Although not detailed in this work, previous mechanistic work has shown that SDF-1 is produced from the synovium to interact, through paracrine signaing, with its receptor CXCR4 on the articular surface. Kanbe et al. showed that SDF-1 is secreted primarily by synovial fibroblasts in models of both osteoarthritis and rheumatoid arthritis at a high level [18]. Further looking at the production of SDF-1, it was shown that in surgical models where the synovium was excised, the levels of SDF-1 in both the synovial fluid and serum dropped precipitously, suggesting that the responsible cells were localized to the synovium [29]. A potential limitation, SDF-1 has also been shown to be produced in subchondral bone marrow [18, 46]. Further research is needed to explore the relative contributions of synovium-derived versus marrow-derived SDF-1, but previous work showing large reductions of SDF-1 concentration after synovectomy without global pharmacologic therapy supports the thesis that the critical volume of SDF-1 originates from the synovium. Furthermore, immunohistochemical methods have been used to localize SDF-1 to the synovial membrane, where SDF-1 positivity was localized in cells lining synovial tissue and in perisynovial epithelial and lymphocytic cells and found to be absent on the articular surface [18, 29].

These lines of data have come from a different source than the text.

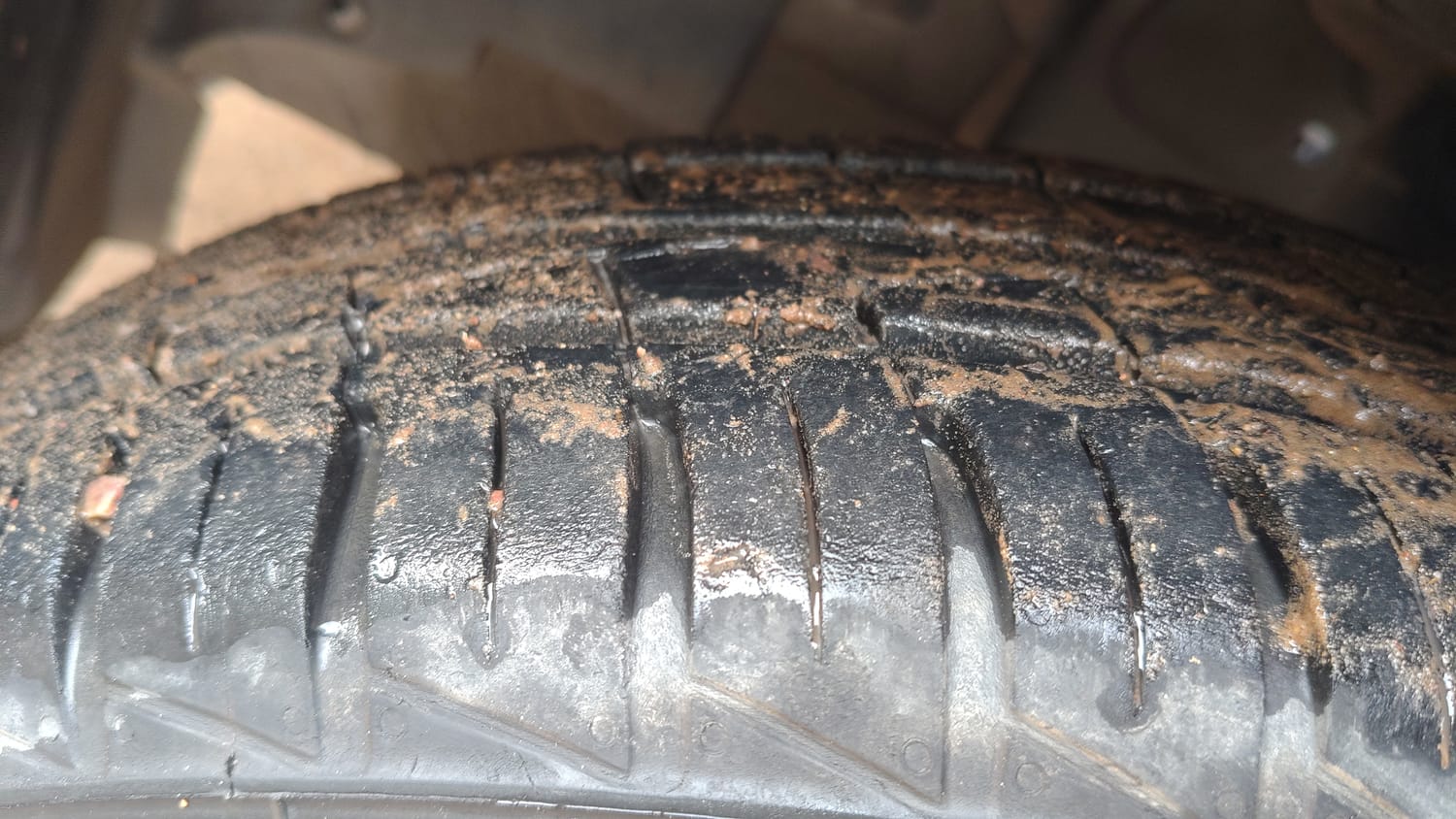Used 2020 Renault Kwid RXT Petrol Manual tyres LEFT FRONT TYRE TREAD VIEW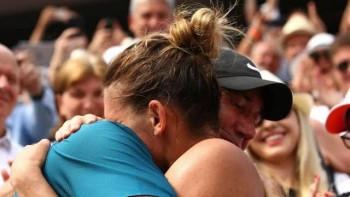 Simona Halep a anunțat că renunță la colaborarea cu antrenorul ei Darren Cahill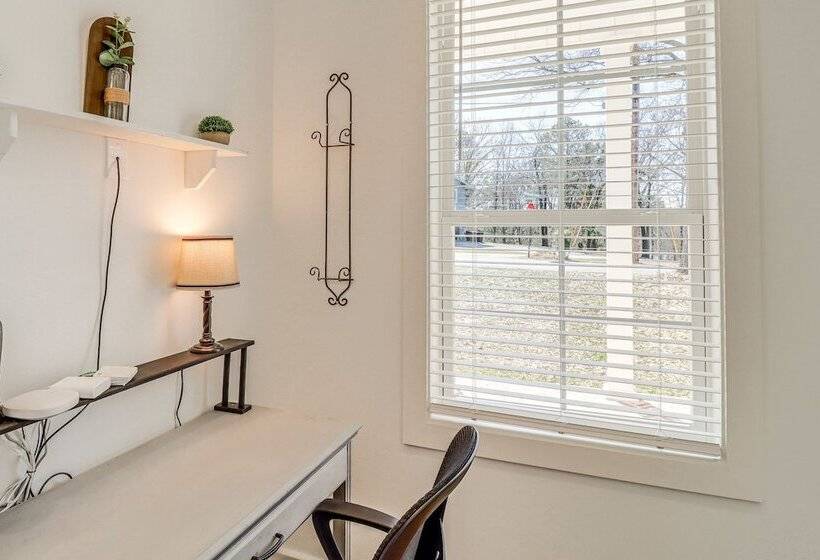 The Hamilton Heber Springs  Home W/ Hot Tub!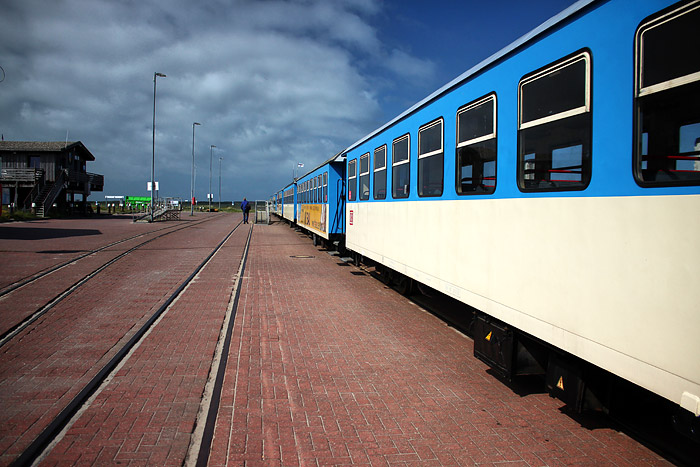Wartende Inselbahn am Anleger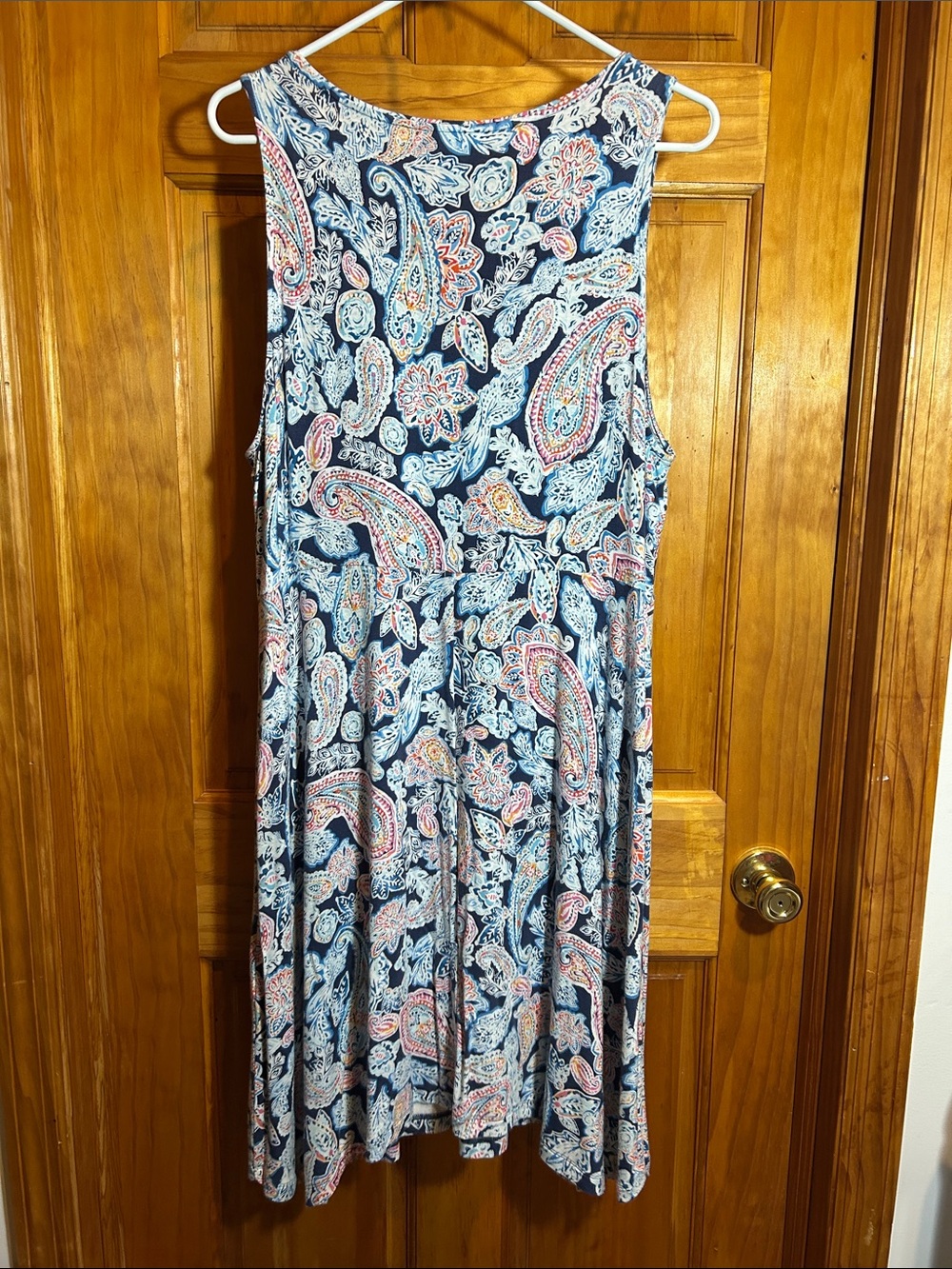Garment on Hanger - Picture 9 of 14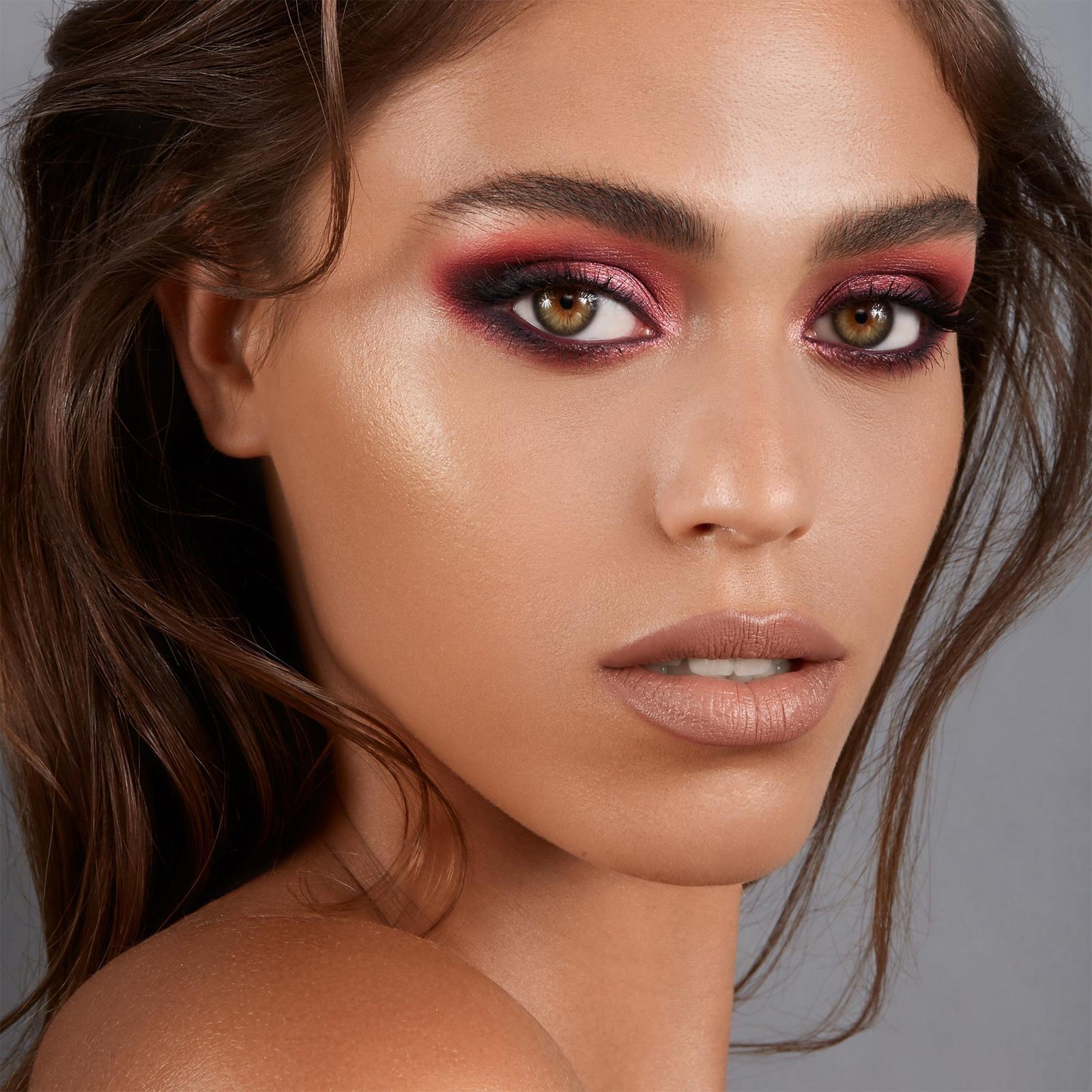Macro Tech Eyeliner Crayon - Burgundy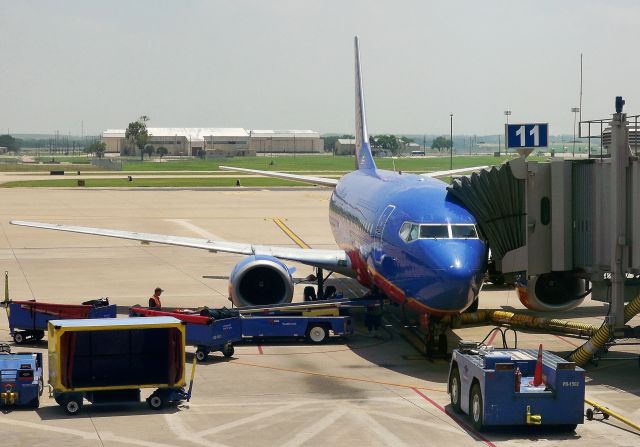 Boeing 737-500 (N523SW) - Southwest 737-5H4 N523SW br /At the gate at AUS after my flight WN#3246 from DALbr /May-10-2016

In summary, this study indicates that the pathogenesis of post-traumatic OA may be synovium mediated and its pathology does not progress uniquely through an SDF-1 related pathway. Future studies are needed to assess other inflammatory pathways related to synovitis that may initiate and maintain post-traumatic OA, and to help differentiate its pathological mechanism from idiopathic OA.

Conclusions

In this study, it was found that synovial inflammation, independent of cartilage morphology, SDF-1 concentration, and MMP-13 concentration, was markedly different between idiopathic and post-traumatic OA. These results highlight the differing morphological and biochemical profiles of post-traumatic versus idiopathic osteoarthritis and calls for a more thorough examination of the sole of the synovial membrane in the pathogenesis of post-traumatic osteoarthritis.